1953 short story by Roald Dahl

"Edward the Conqueror" is a short story written by Roald Dahl and first published in the 31 October 1953 issue of The New Yorker.

==Plot summary==
A long-haired silver cat is nearly burnt in the bonfire Edward has set up for the autumn leaves, but his wife Louisa rescues it. After the couple unsuccessfully attempt to send the cat back to its home, Edward decides that if the cat does not leave by the afternoon, he will ask the police to make sure it is returned home.

While Louisa is admiring the cat's colour, she notices it has warts on his face. Louisa begins to play one of her daily concerts on the piano, a solitary pleasure that also seems to be one of her greatest passions, and chooses pieces by Vivaldi, Schumann, Liszt and Brahms. Immediately, the cat reacts strongly, and it even appears to be "appreciating the work". The cat seems to be especially enthralled when Louisa plays Liszt's Petrarch Sonnets and Der Weihnachtsbaum, but less impressed with Schumann's Kinderszenen.

Louisa becomes convinced the cat is the reincarnation of Liszt, and informs her husband. Edward is not convinced, even when his wife shows him the cat's reaction to the piano music. Edward believes the reactions to simply be a trick it was trained to perform, and refuses to take part in his wife's excitement (it is implied he is not as fond of music as Louisa). Louisa decides to go to the library to find out more about both Liszt and reincarnation. The book she checks out on reincarnation is assertive about how long it takes one to be reincarnated, stating it takes longer if your social status is higher. The book also says you cannot come back as a lower form of animal — a fact Louisa chooses to ignore. Finally, it mentions historical figures who were, it suggests, reincarnations of one another: (Epictetus, for instance, is said to have come back as Ralph Waldo Emerson). Despite her incredulity, Louisa appears to believe what she is reading. She greets Edward returning from his work by saying, "Listen, my dear, did you know that Theodore Roosevelt was once Caesar's wife?"

When she gets back from the library she calls for Liszt and examines him. She notices the cat's warts are positioned on its face in exactly the same positions as those on Liszt's face. She even notices the cat seems to dislike one particular Chopin scherzo, the only piece of Chopin's which Liszt himself did not love. By this time, Edward has become noticeably antagonistic to his wife's belief, perhaps spurred on by jealousy. Her plans are to tell the world, after which, she believes, all the world's musicians will want to come and meet her cat. Edward thinks her plans will make the two of them look like fools.

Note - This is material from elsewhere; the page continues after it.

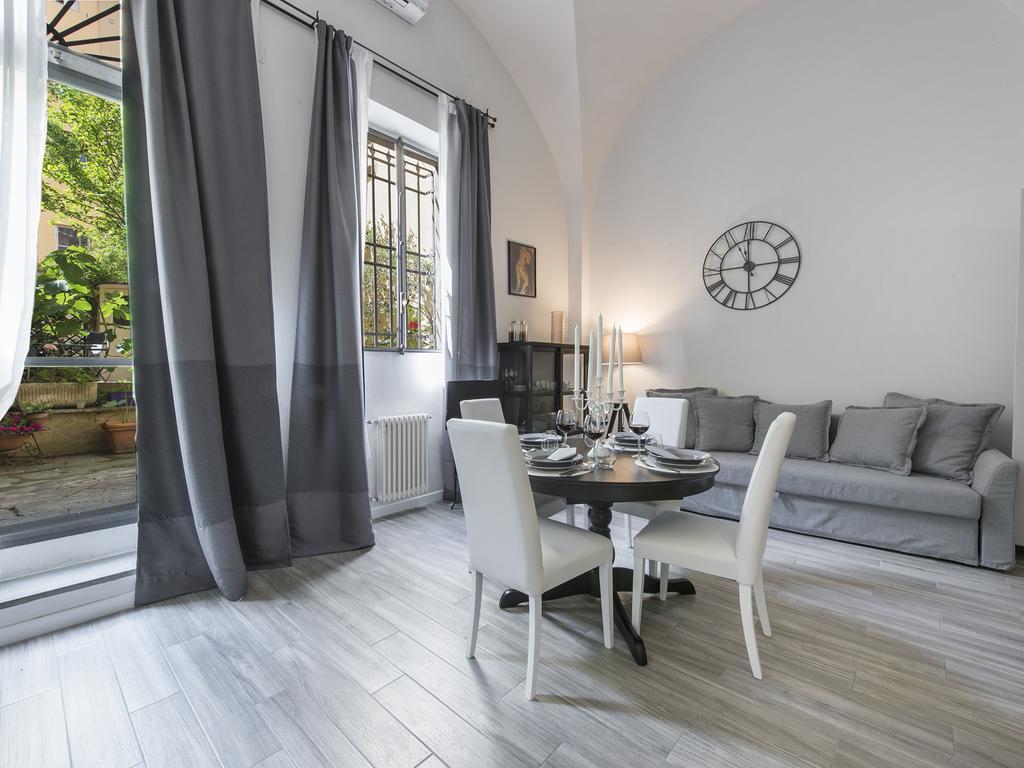 Cynthia'S Garden - Apartment With Private Garden In Santa Croce Firenze Bagian luar foto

Louisa decides to cook a fancy dinner for the cat, and refuses to let her husband sway her. When she returns from the kitchen, she sees Edward coming in from the garden with black smoke, wet trouser cuffs, and long scratches from his wrist to his knuckle — the implication being he has thrown the cat on the fire. Louisa is horrified and falls into hysterics as Edward tries to calm her down.

==Television adaptation==

When this story was adapted for television in a 1979 episode of Tales of the Unexpected (Season 1, Episode 7), the ending was slightly changed. As Louisa deduces her husband has thrown the cat on the fire, she grabs a knife and it is implied she attacks him. However, in the final scene, the cat enters the house through a window, fine after all.